Non ça ne m’est pas arrivé directement. Je n’ai pas perdu de petit frère, de bébé.
Ce n’est pas mon histoire, mais j’ai puisé dans des choses que j’ai vécues.
Ce qui m’intéressait beaucoup était de raconter l’histoire d’une enfant désemparée devant le chagrin de ses parents. Comment les enfants peuvent être complètement désarmés devant une peine et comment ils peuvent essayer d’être des pansements pour leurs parents.
Dans le roman, les parents ne voient pas Valentine. Ils sont malheureux et tellement englués dans leur propre chagrin qu’ils n’y arrivent pas.
Par différents moyens elle essaie de les consoler mais c’est toujours un peu ridicule. Elle pense que leur faire des coquillettes au jambon les aidera à aller mieux. C’est ça qui m’intéressait.

 

Comment résumerais-tu l’aventure qu’a été cette publication ?

C’était très excitant.
Dès que j’ai été appelée j’ai sauté en l’air de joie. J’ai eu de la chance car le podcast a fait durer le plaisir.
Ça a commencé avant la publication avec les enregistrements et les événements.
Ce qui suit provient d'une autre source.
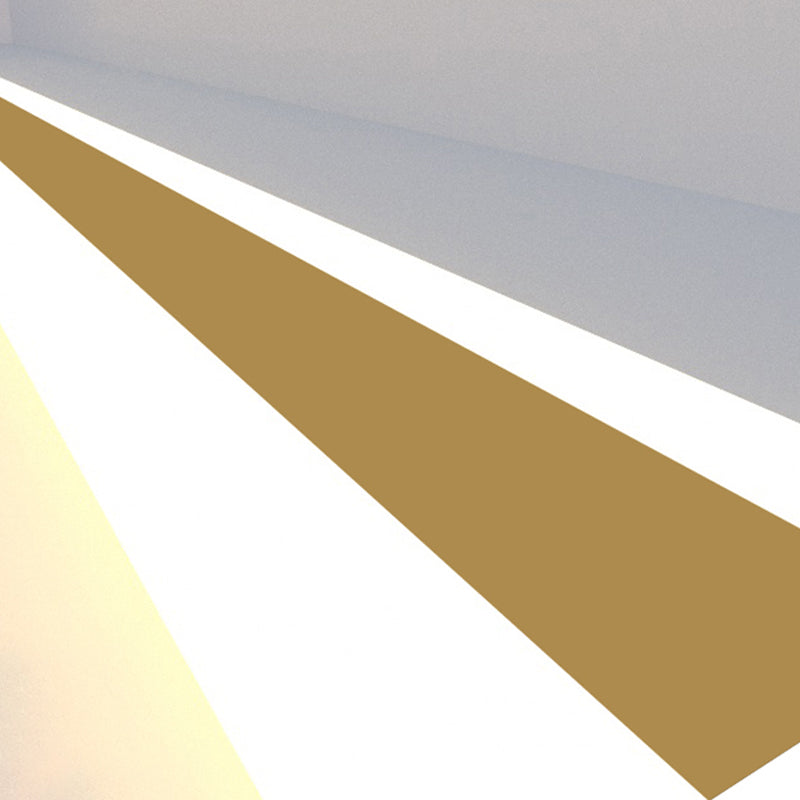 Forma lineal Luz de pared de metal Estilo moderno 1 Luz de montaje de pared de luz en oro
J’ai été publiée en septembre mais dès janvier j’étais déjà dans le bain.
Pour Robert Laffont c’était complètement nouveau aussi. On a tous vécu une nouveauté. Le podcast a intéressé pas mal d’auditeurs. Une aventure pas banale c’est vrai !

 


Que se cache t-il derrière la relation d’un auteur avec son éditeur ? Une relation de proximité ?

C’est tellement de solitude l’écriture d’un texte. Ça prend énormément de temps.
Du temps avec ses personnages tout seul, à douter, avoir peur, à se dire que c’est nul. Jusqu’au dernier moment on peut finalement se dire que ça ne vaut rien.
Le moment où l’éditrice arrive est un cadeau. C’est enfin un regard professionnel sur le texte, un accompagnement. On sort de la solitude et on se décharge d’une partie de la responsabilité.
Les décisions ne sont plus prises seul.
Françoise, mon éditrice, m’a donné quelques directions mais ce n’était jamais autoritaire. Ce sont des conseils. C’est vraiment très chouette. En tant qu’auteur on rêve de ça. Quand c’est arrivé j’étais hyper heureuse.
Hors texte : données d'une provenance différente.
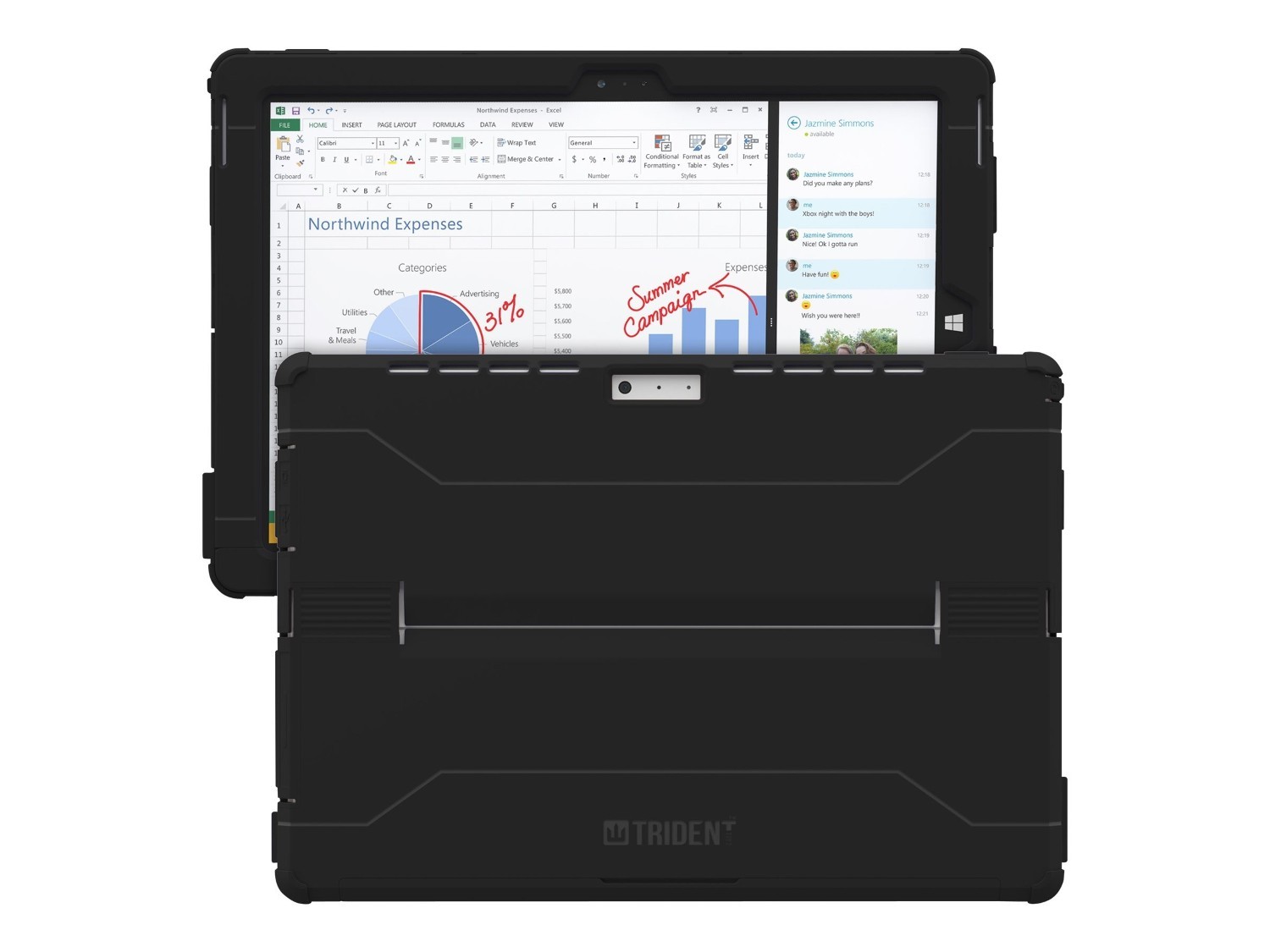 Trident Case 2014 Cyclops Case For Microsoft Surface Pro 3, Black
Il est important de se rappeler qu’on écrit car on aime ça avant tout

Quels conseils pourrais-tu donner aux jeunes auteurs qui souhaitent être publiés ?
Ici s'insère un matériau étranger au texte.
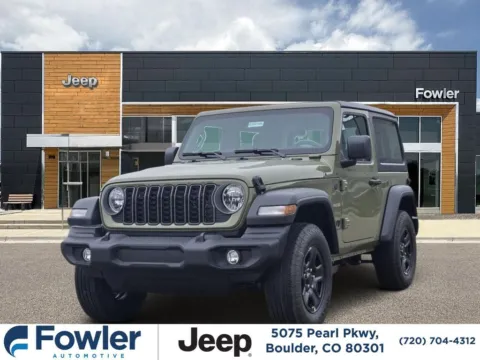 Green 2026 Jeep Wrangler Sport for sale in Boulder, CO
Prendre sa respiration (rires). Beaucoup de courage, serrer les poings.
Je pense que je leur dirais d’essayer au maximum de trouver leur joie dans l’écriture même si parfois c’est très difficile. Il faut en passer par des moments où on galère, où on tâtonne. Réussir à créer un monde avec un univers, des personnages, c’est aussi très gratifiant.
Il ne faut jamais perdre de vue cette joie là. Tout le reste vient après sans qu’on le cherche vraiment. Si le texte est prêt ça viendra.
La joie d’écrire c’est souvent tout ce que l’on a au début. Tout est difficile. Être publié déjà, mais ensuite être lu aussi.
Réussir à émerger parmi tout le choix qu’il y a. Il est important de se rappeler qu’on écrit car on aime ça avant tout.
Écrire pour chercher à se faire plaisir, à s’amuser, ça finira par être communicatif si ça doit l’être et à toucher des lecteurs.

 

Penses-tu publier un autre roman ? Quels sont tes projets pour le futur ?

Oui, c’est très embryonnaire mais j’ai commencé à travailler sur un deuxième roman en effet.
Ce sera dans un style un peu différent puisque j’ai voulu que celui là soit propre à Valentine. J’ai envie de montrer que je peux faire autre chose.
Ce sera un roman plutôt contemporain, une fille autour de 35 ans probablement. Peut-être plus léger et moins triste que La vie en confettis même si la perception de la tristesse varie d’un lecteur à un autre.

 

Merci Hélène ! Pour finir as-tu un souvenir audacieux à nous partager ?

J’ai fait quelques discours de mariage. À mon échelle j’ai trouvé ça un peu audacieux (rires).
Je l’ai fait pour quelques copines et j’ai beaucoup aimé ça même si c’est beaucoup d’angoisse puisque c’est de la prise de parole en public.

J’ai aussi pris des cours de One man show. C’est beaucoup d’écriture mais une écriture complètement différente.
J’ai fait ça un an avant la publication du livre puis j’ai dû arrêter car ça prend énormément d’énergie.
Je trouve que c’est assez audacieux car on ne sait pas toujours ce qui va faire rire les gens.
C’est très amusant le rire. Ce qui le déclenche. C’est quelque chose que j’aimerais beaucoup explorer. J’arrivais avec quelque chose de très construit alors qu’il faut rester dans la spontanéité pour toucher les gens.